Lettera aperta di don Francesco Pesce alla cittadinanza
| Isabella Loschi |
TREVISO - “Non ho parole”: tante volte quest’anno ci siamo detti questa frase, di fronte a fatti di cronaca che ci lasciano con il fiato sospeso, con lo spirito turbato e, soprattutto, con tante domande: “com'è possibile che sia successo? Com’è possibile arrivare a tanto?”. Eravamo abituati a cercare la causa in qualcosa di strano, fuori dal comune, e invece la violenza e il male sembrano abitare la vita ordinaria, “era una persona normale”, diciamo. E per questo tutto sembra più assurdo e rimaniamo senza parole”. Usa la penna don Francesco Pesce, al vertice del Centro della Famiglia di Treviso, per lanciare in occasione del Natale un messaggio aperto alla cittadinanza trevigiana mettendo in fila le varie situazione di fronte alle quali nel capoluogo e nel territorio della Marca ci si trova sbigottiti e inermi. Lo fa partendo da quell’osservatorio che è il centro di via San Nicolò a Treviso, punto di riferimento per le famiglie di tutte le età e relazioni, affettive e genitoriali, e tracciando un fil rouge tra quello che accade all’interno delle coppie e nella vita sociale e i fatti della strada, dove il disagio interiore si alimenta e diventa violenza e diventa marginalità.
“«Non abbiamo parole», per affrontare le tensioni e le controversie, e infatti l’aggressività sta aumentando in tanti ambiti, dal traffico al vicinato. E l’unico modo che ormai conosciamo per affrontare un conflitto è dire «ti denuncio», alzare la voce, alzare le mani. «Non abbiamo parole» neppure per dire amore. Siamo testimoni di relazioni d’amore che degenerano nel loro contrario e di cosiddette relazioni amorose che non lo sono mai state. Parole che sembravano dire amore e che invece si rivelano dire il contrario: possesso, controllo, paura di perdere. «Non abbiamo parole» è anche la situazione di molte famiglie, in cui le parole sono usate per informare ma non più per dialogare, parole incapaci di accorciare le distanze, di dare sapore alla tavola e di riscaldare la casa. «Non ho parole» è anche la fatica di un genitore che non sa più come prendere il figlio o la figlia, o che non sa cosa dire per aiutarli senza forzare. «Non abbiamo parole», per dire i valori di questo nostro territorio: onestà, solidarietà, accoglienza, vicinato, saluto, aiuto, famiglia, futuro, insieme, bene comune. Alcune di queste sono scritte illuminate sopra la strada che ci accoglie entrando in città, ma forse qualcuna l’abbiamo persa noi, e per questo non ci capiamo più e corriamo tanto. «Non abbiamo parole», come molti anziani o persone sole, che non trovano alcuna parola durante la loro giornata, o la sera, quando fa buio, e la mancanza di una persona cara è ancora più forte”.

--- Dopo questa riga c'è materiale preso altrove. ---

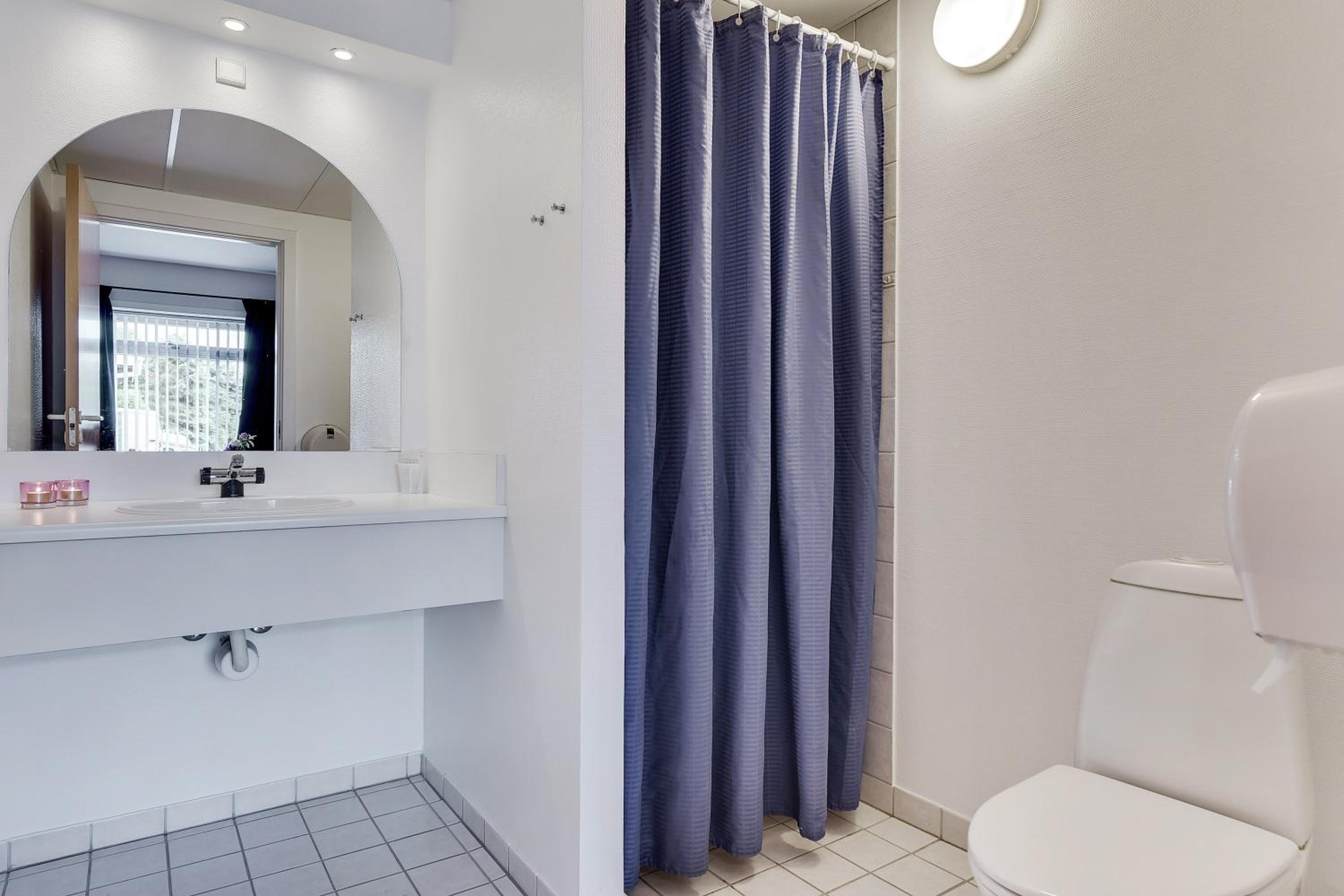 Economy Double or Twin Room - Photo 7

"La tradizione cristiana a Natale, di notte, quando ci sono meno parole, ci annuncia un Dio che si fa Parola, una Parola che si è fatta vicina, talmente vera da farsi toccare, abbracciare, cullare. Una parola così fragile da farsi bambino, entrando nel mondo in punta di piedi, una parola che subito non parla ma ascolta e che, un po’ alla volta, imparerà a parlare. Che questo Natale dia forza per imparare di nuovo a parlare e parlarsi, per ripartire con il saluto e con il dialogo. Lo sappiamo, lo sperimentiamo ogni volta: vale la pena parlarsi, per chiarirsi, per spiegare il nostro punto di vista, per capire le idee altrui, in famiglia, tra vicini di casa, tra parenti, al lavoro, in coppia, in tanti altri ambienti di vita. Sembra di essere deboli e perdenti, e invece stiamo costruendo ponti e spazi di futuro. E perché non dirsi anche qualche parola in più quando ci faremo gli auguri i prossimi giorni?Buon Natale”.